This makes intuitive business sense.
But I think this is also a good moment to talk about why feature engineering needs domain context and critical thinking.
Revenue might look predictive, but what if it’s highly skewed, or volatile, or heavily influenced by seasonality?
Simply using raw rev_per_month
might not capture the full story.
This is why, I also explored more nuanced behavioral markers like year-over-year revenue growth, the number of complaints filed, and cashback usage.
Metrics like these tell you more about a customer’s opinion about the brand, their overall sentiment than just a raw amount.

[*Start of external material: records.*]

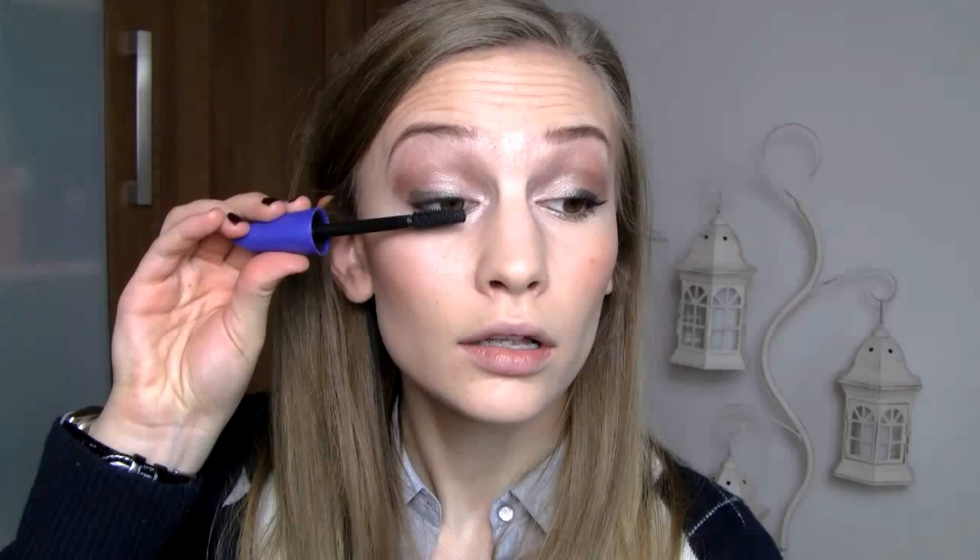Now on to mascara, which is one of the most important steps. I'm using CoverGirl Lash Blast Fusion — I started using this in Italy and I love it. I love basically any mascara by CoverGirl. I'm applying it on top and bottom lashes. Apparently coating your bottom lashes makes you look older — I never knew that, but I've always done it because I like the way it looks. My eyes are done and I finally feel like a normal human being.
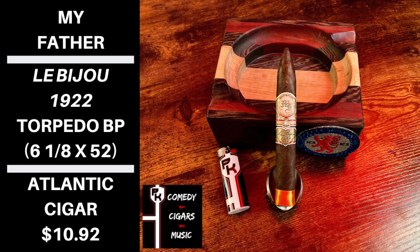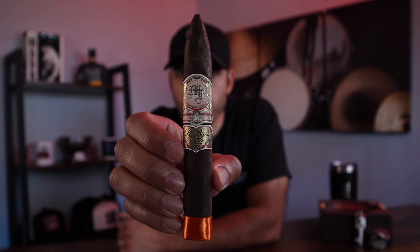Off the foot and wrapper, I'm getting raisin, chocolate, and wood. Excellent band with a nice little orange sock. Speaking about the band, I'm typically not a big band guy. They don't really matter to me a whole lot as far as the cigar smoking experience goes, but there's something about the My Father bands that just catch my eye — which is odd because it's not really my style, but I kind of dig them.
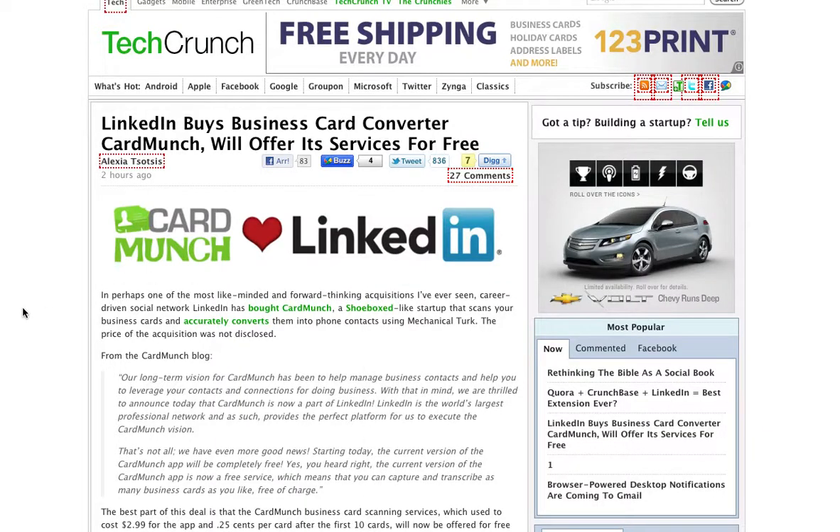Hey there, I wanted to share some really interesting news, and this is really going to change the way you deal with contacts. I think this is a really smart move that's going to launch LinkedIn into pretty huge growth in the number of contacts and connections that they're getting uploaded to it.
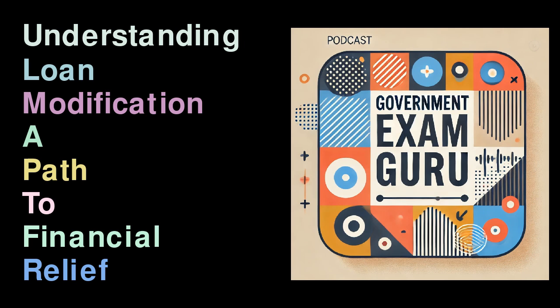How Loan Modification Works. While a loan modification can apply to various types of loans, it is most frequently employed with secured loans, like mortgages. Lenders may agree to modify a loan in situations like potential foreclosure, as doing so can be less costly than pursuing lengthy legal proceedings.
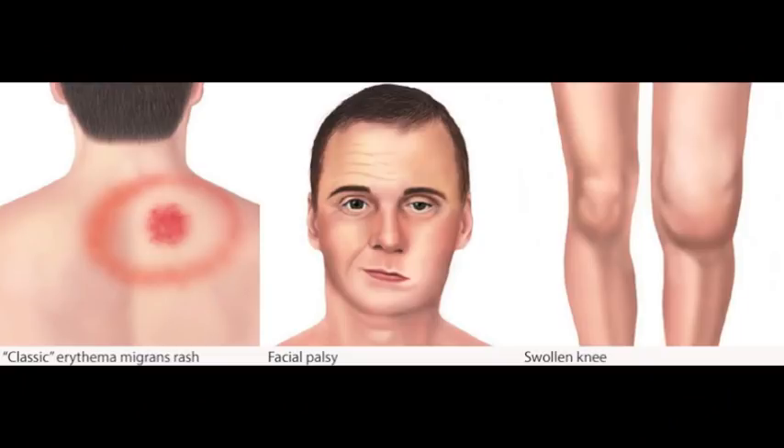If left untreated, you can progress to chronic Lyme disease, where the infection can spread to joints, the heart, and the nervous system. You may see issues with things like swollen knees and other joints, loss of muscle tone in the face, a paralysis or palsy, palpitations, irregular heartbeat, shortness of breath, nerve pain, numbness, and memory loss. Every case is different.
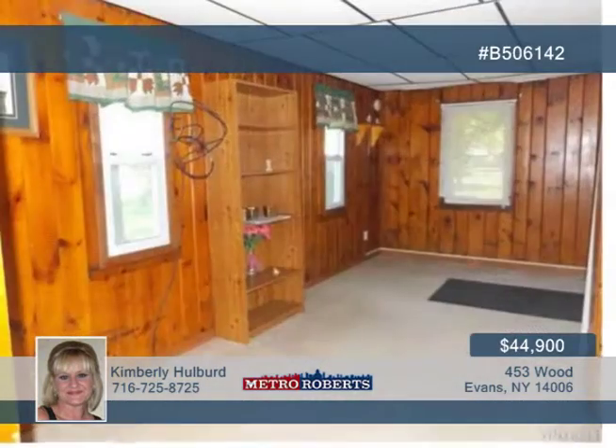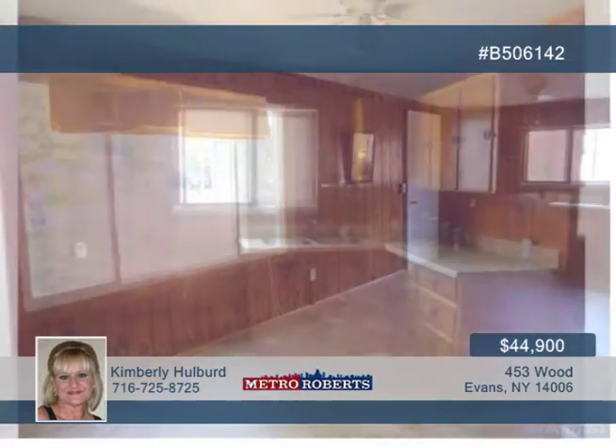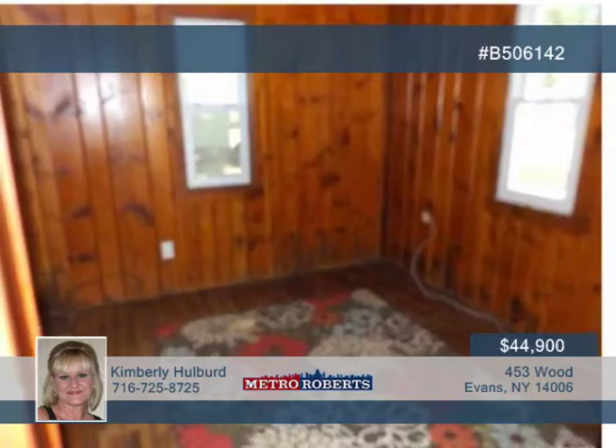Have a look inside this cute bungalow, great for year-round living or a summer cottage. This vinyl-sided one-bedroom ranch features knotty pine throughout, plus a large kitchen and plenty of space for a sitting room. New vinyl flooring is found in the kitchen and bathroom, in addition to the recent metal roof.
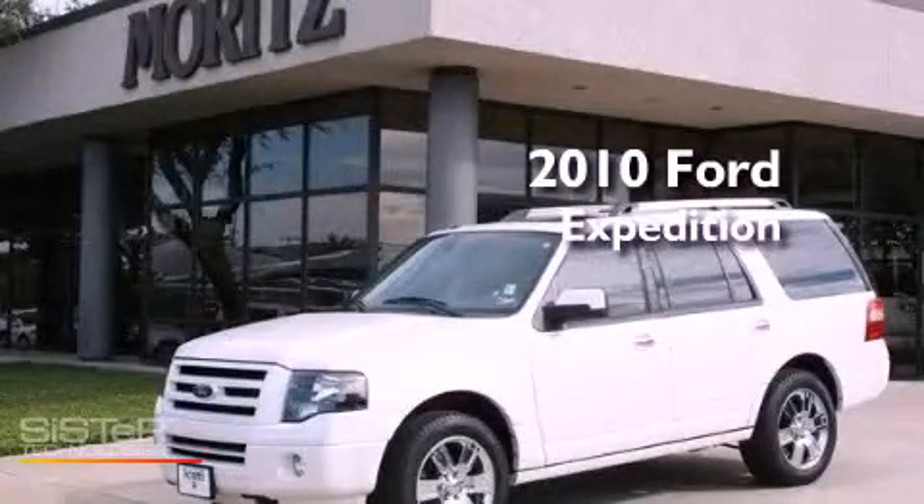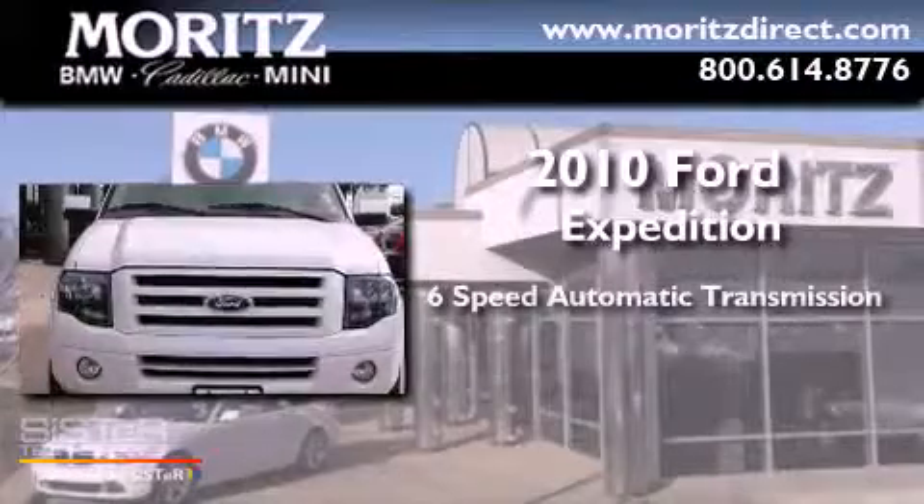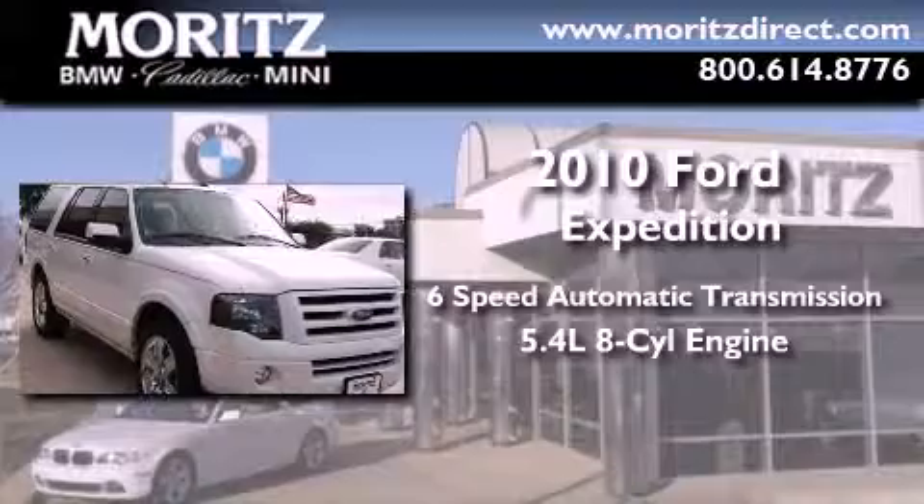This is a 2010 Ford Expedition. This SUV has a 6-speed automatic transmission and a 5.4-liter V8.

It’s about finding features that capture behavior and trends, not just static values.
📲 8. Devices Matter When it Comes to User Behaviour
Sometimes, EDA throws you a curveball.
Maybe an insight you didn’t expect, but that opens up new lenses for understanding the problem.

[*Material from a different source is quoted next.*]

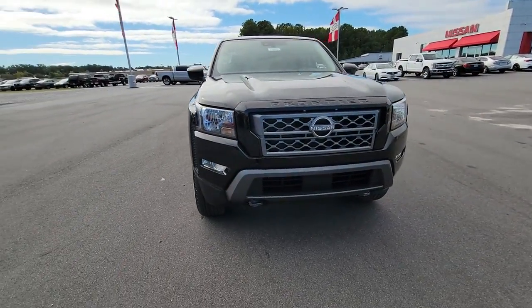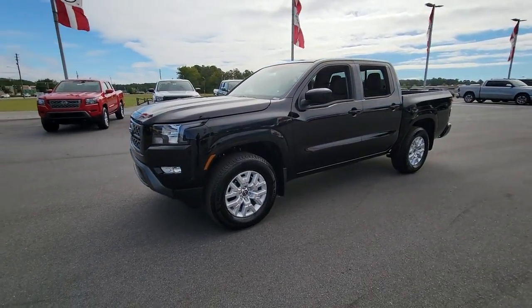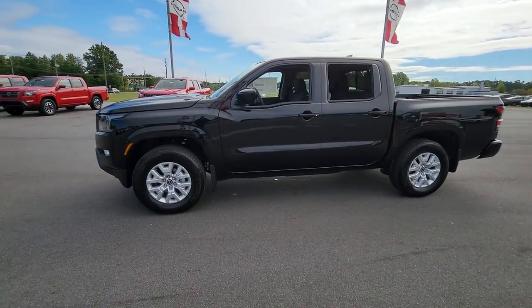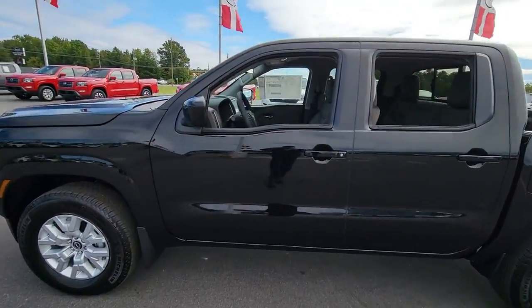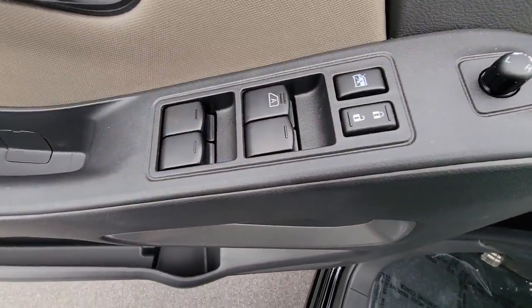Hop into the 2023 Nissan Frontier. Here's a hard-working Nissan Frontier, the mid-size pickup that's durable, comfortable, and up to the task. Whether you're on the job site or hitting the trail, this rugged partner has your back.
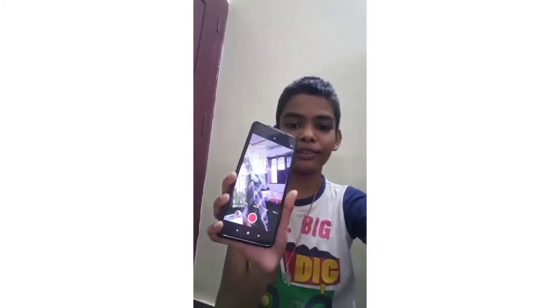Click on the bell button so you won't miss any video. So first of all, this video is about the Samsung Galaxy S6. This phone is the Redmi Note 9 Pro.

I’m talking about plotting churn by device type, check the images above and you’ll notice that the last bar chart is churn by login device.
Surprise Insight:
Surprisingly, desktop users in this dataset were more likely to churn than mobile users.
At first glance, this might seem odd.
But it doesn’t hurt to then ask questions like:
Could it be related to the user experience on desktop vs. mobile?
Are desktop users a different demographic: maybe older users who aren’t as “sticky” with the platform?
This is why EDA isn’t just about crunching stats.
It’s where a data scientist learns to think about product management, data analysis, and design in an intersection.
An insight like this isn’t just another data point.
It’s a potential feedback or prompt you can share with other teams to look into.
🧪 9. KNN Imputer for Missing Values
I know I already talked about the imputer but it deserves it’s own section.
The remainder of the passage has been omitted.